[SUPPLIED INFORMATION Boundary: Start]

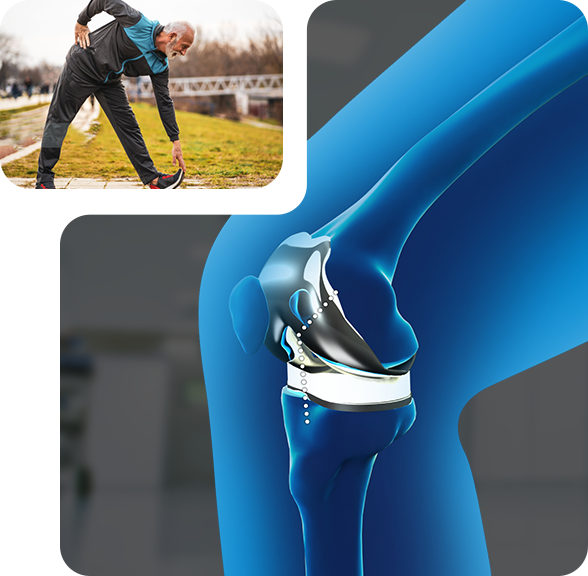 Minimally Invasive Img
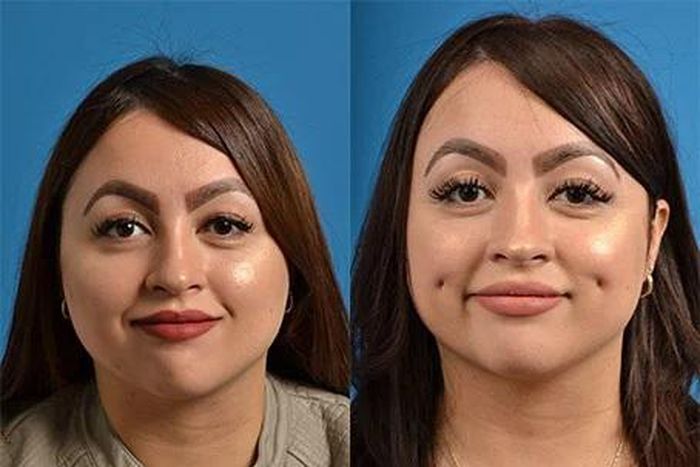 Some people want artificial dimples [Clevensfaceandbodyspecialist]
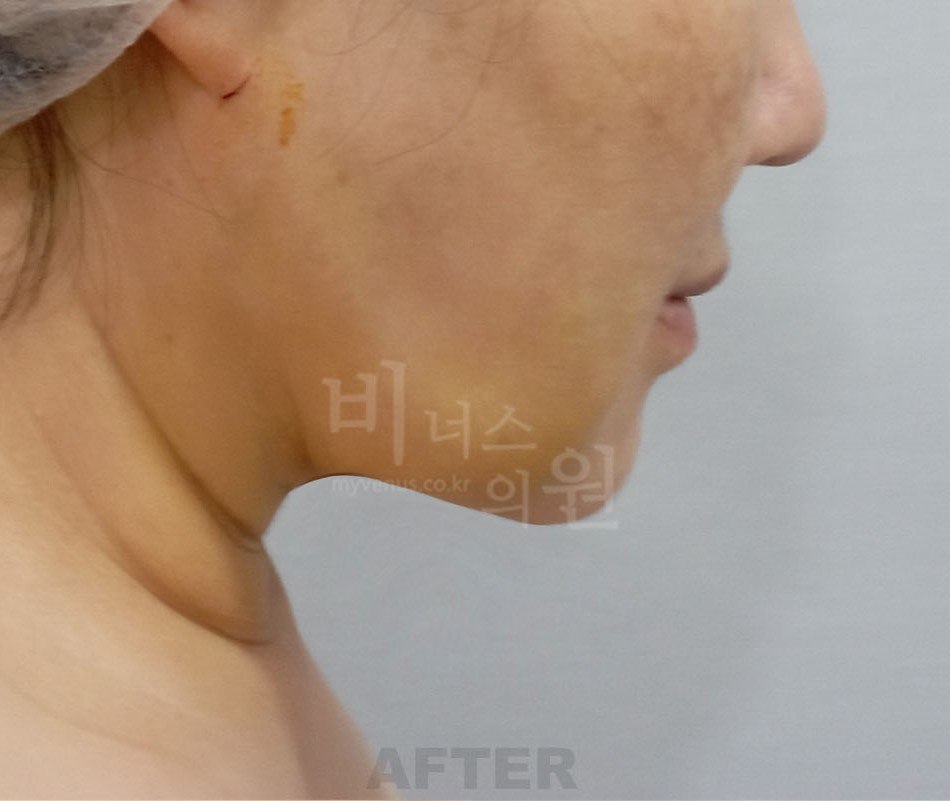 이중턱·턱 지방흡입 수술 후 사면 비너스의원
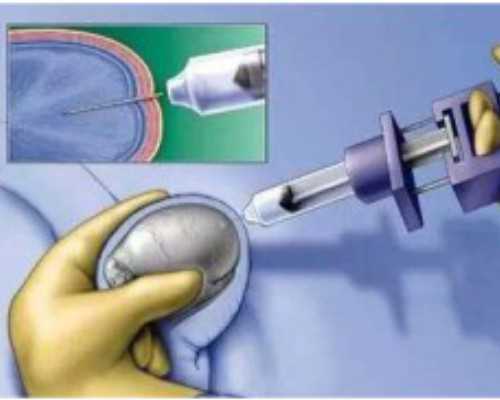 2025年广西供卵试管机构名单发布及生殖中心全面解析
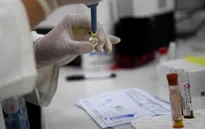Thử nghiệm tích cực, thế giới sắp có vaccine ngừa virus Zika?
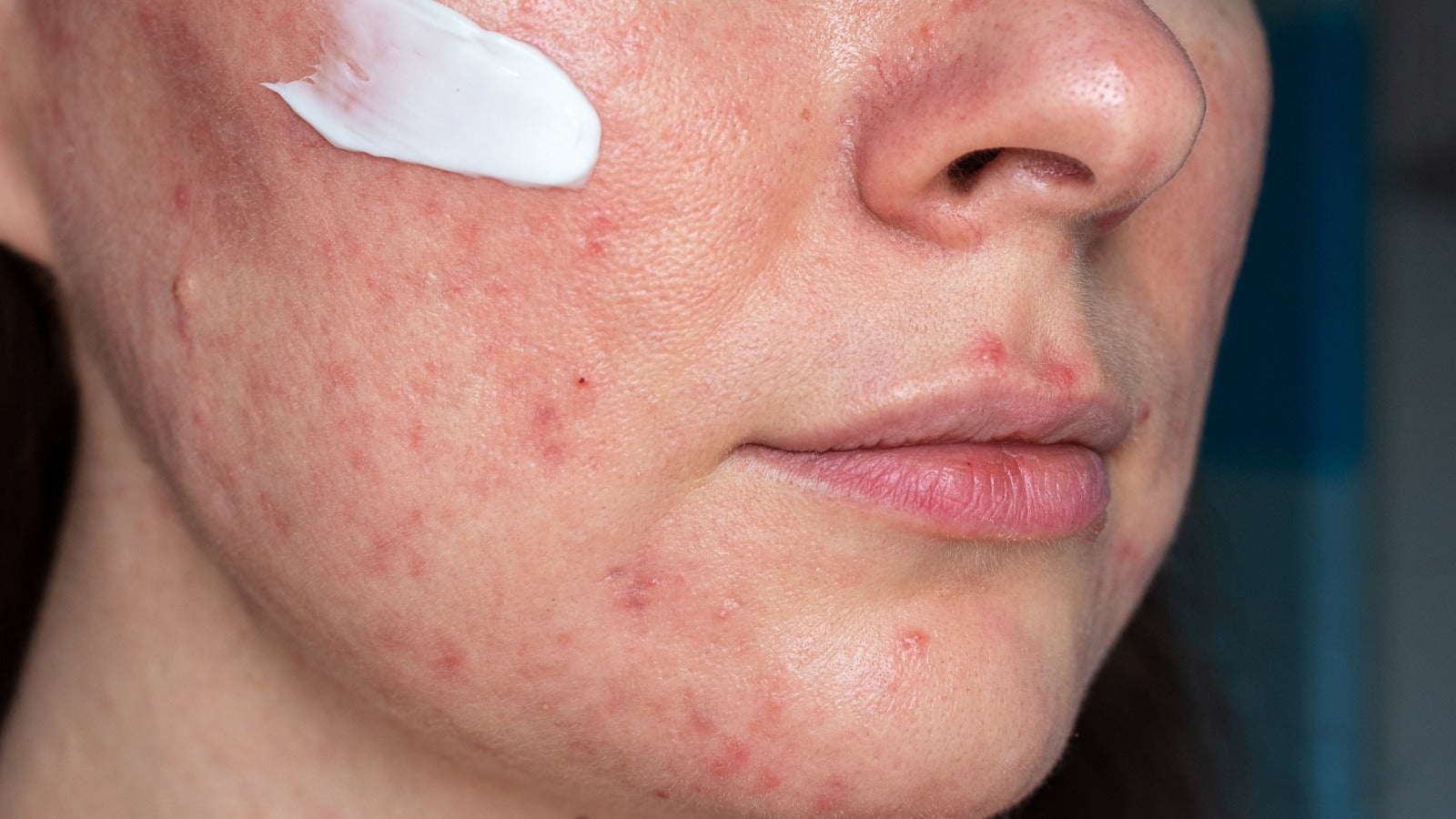 "I Tried Everything for My Rosacea”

[SUPPLIED INFORMATION Boundary: End]

#### [EXERCISE]
Reproduce the data in full. Do not carry over any picture.

#### [SOLUTION]
 Minimally Invasive Img
 Some people want artificial dimples [Clevensfaceandbodyspecialist]
 이중턱·턱 지방흡입 수술 후 사면 비너스의원
 2025年广西供卵试管机构名单发布及生殖中心全面解析
Thử nghiệm tích cực, thế giới sắp có vaccine ngừa virus Zika?
 "I Tried Everything for My Rosacea”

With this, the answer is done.